A Prefeitura de Gurupi, por intermédio da Secretaria Municipal de Assistência Social, realizou na manhã desta quinta-feira, 11 de junho, uma caminhada estratégica em alusão ao Dia Mundial e Nacional de Combate ao Trabalho Infantil. O evento mobilizou servidores públicos, alunos e representantes da rede de proteção local com o objetivo central de educar a comunidade sobre os riscos da exploração de menores e a necessidade de uma infância digna.

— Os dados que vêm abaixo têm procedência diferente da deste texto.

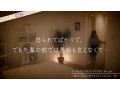 私だけのDarlin’ イサミくん
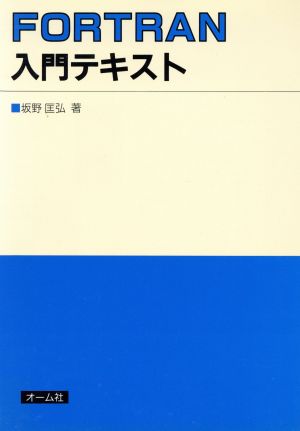 FORTRAN入門テキスト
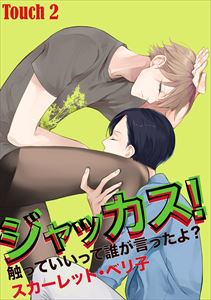 ジャッカス！～触っていいって誰が言ったよ？～　Touch 2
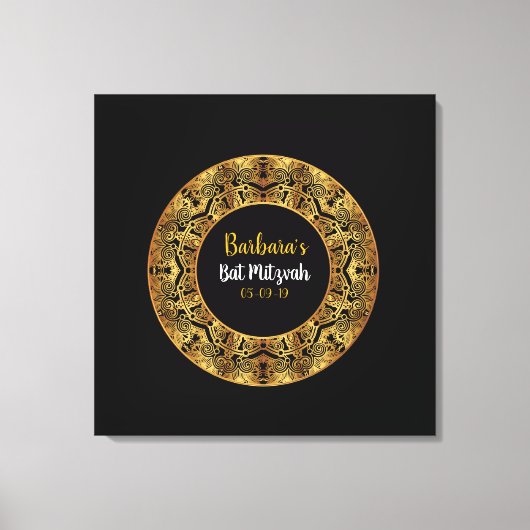 GOLDEN Bat Mitzvah Inlogbord Canvas Afdruk (Voorkant)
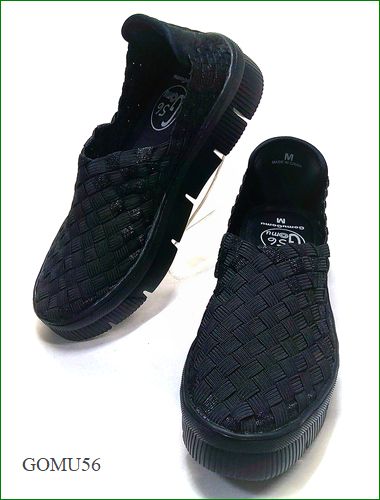 Gomu56  ゴムゴム　全体画像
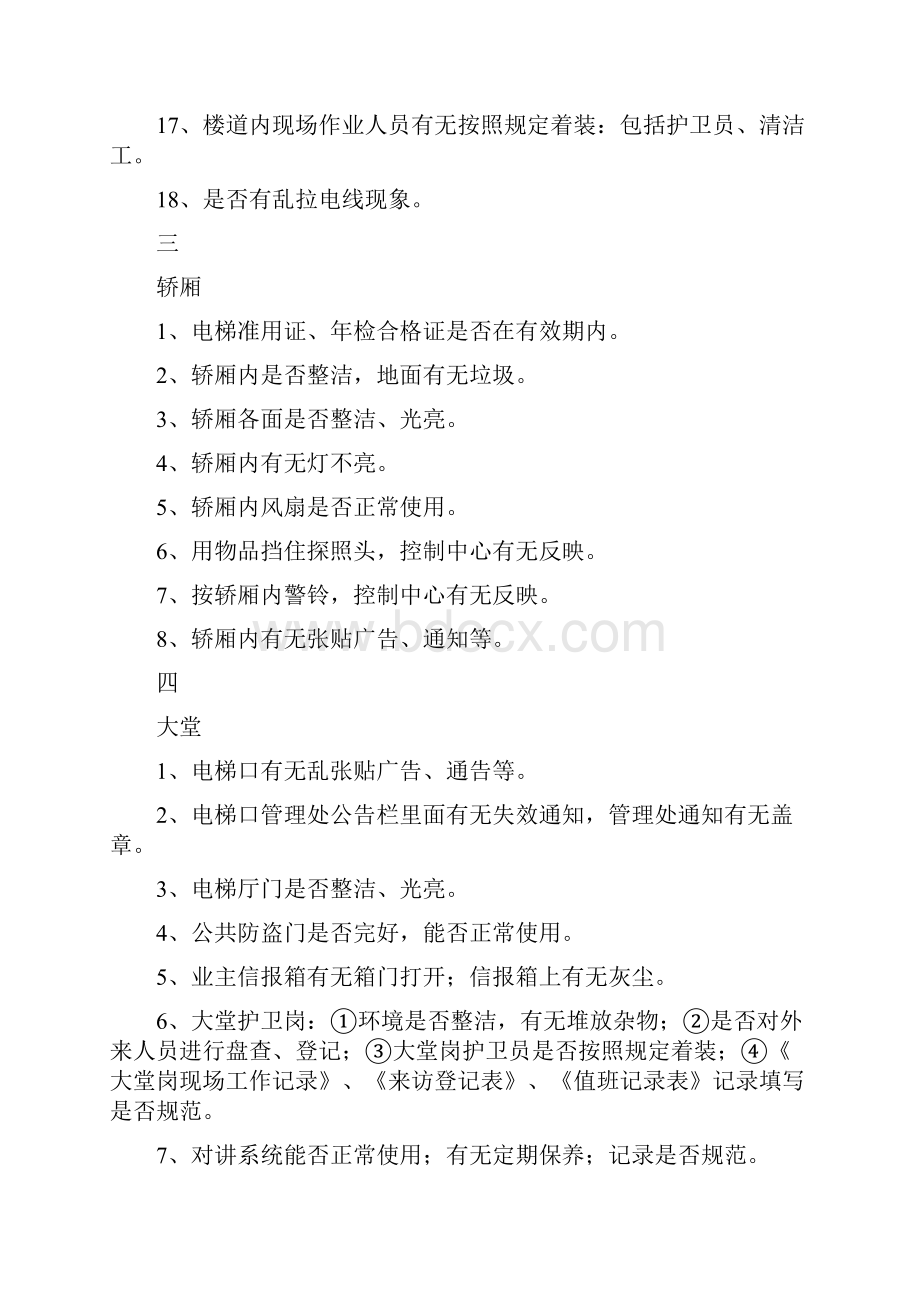 物业品质检查项目和内容.docx_第3页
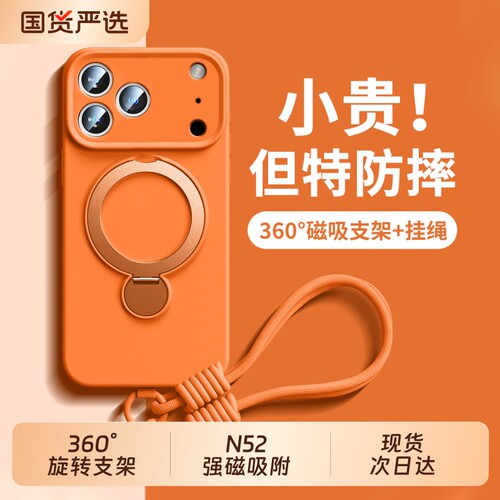 手机壳新款液态硅胶磁吸支架防摔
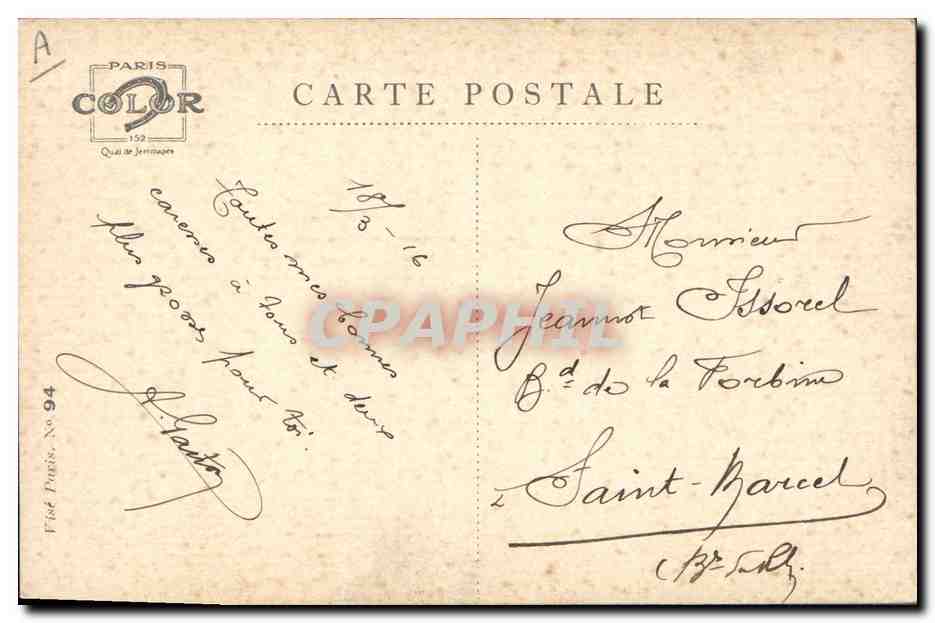 En Avant... Rosalie! — Enfant soldat avec baïonnette — A. Wuyts, 181-1916 — Verso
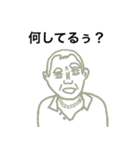 Color Your Life（個別スタンプ：1）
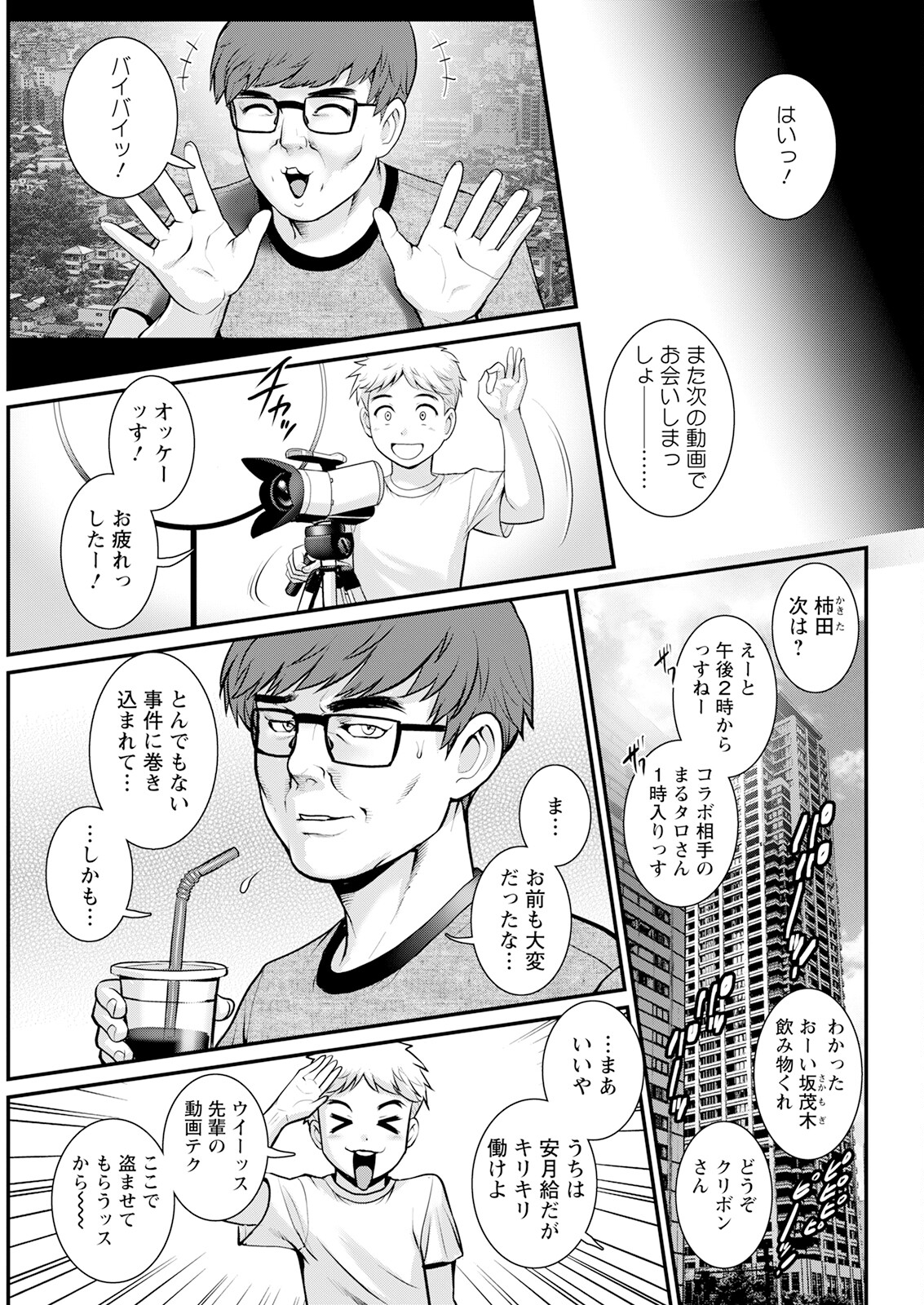 Meshibe no Sakihokoru Shima de Ch. 1-18 - Page 355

Munidos de faixas e cartazes educativos, os manifestantes percorreram a cidade reforçando que o pleno desenvolvimento físico, emocional e educacional de jovens é severamente prejudicado pelo trabalho prematuro. A mensagem da ação foi clara: a infância deve ser marcada pelo estudo, pelo sorriso e pela convivência familiar, e não por responsabilidades laborais que não condizem com a idade.

O secretário municipal de Assistência Social, Darcy Fonseca, ressaltou que a erradicação dessa prática não é apenas uma meta governamental, mas uma responsabilidade coletiva. De acordo com o gestor, o fortalecimento da rede de proteção e o diálogo com as famílias são passos fundamentais para assegurar que os direitos fundamentais, como o lazer e a educação, sejam respeitados de forma plena e saudável.

O marco legal brasileiro também foi pauta da mobilização. Conforme estabelece a Constituição Federal, é proibido qualquer tipo de trabalho para menores de 16 anos, com exceção da modalidade de aprendiz, permitida a partir dos 14 anos. A legislação é ainda mais restritiva em casos de atividades noturnas, perigosas ou insalubres, que são terminantemente vetadas para menores de 18 anos.